(Short text fragments from websites)
★ ★ ★ ★ ★

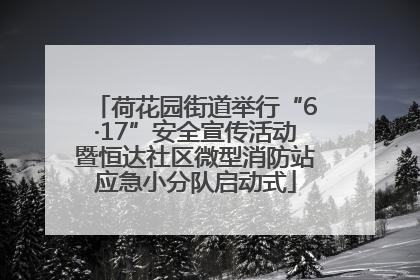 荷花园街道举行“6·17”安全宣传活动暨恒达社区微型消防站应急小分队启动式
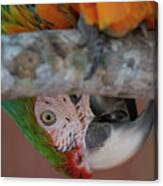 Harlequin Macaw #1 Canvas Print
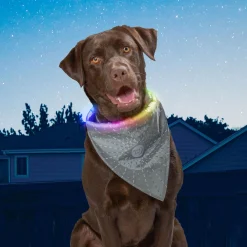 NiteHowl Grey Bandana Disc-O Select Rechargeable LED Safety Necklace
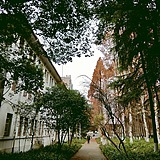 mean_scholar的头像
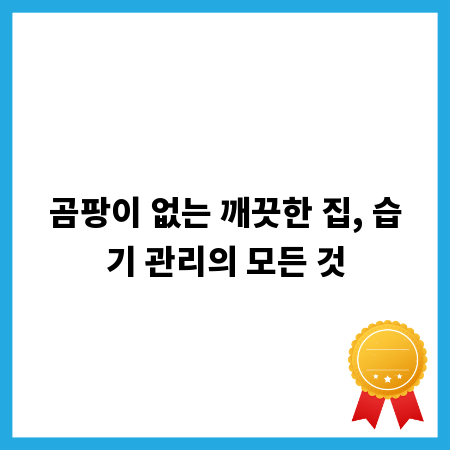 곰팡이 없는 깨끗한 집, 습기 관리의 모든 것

★ ★ ★ ★ ★

(Exercise) Set down exactly, from the line that contains "Harlequin Macaw #1 Canvas Print" through the last line of the data, each line as it stands, and leave the pictures out.

(Solution to the exercise)
 Harlequin Macaw #1 Canvas Print
 NiteHowl Grey Bandana Disc-O Select Rechargeable LED Safety Necklace
 mean_scholar的头像
 곰팡이 없는 깨끗한 집, 습기 관리의 모든 것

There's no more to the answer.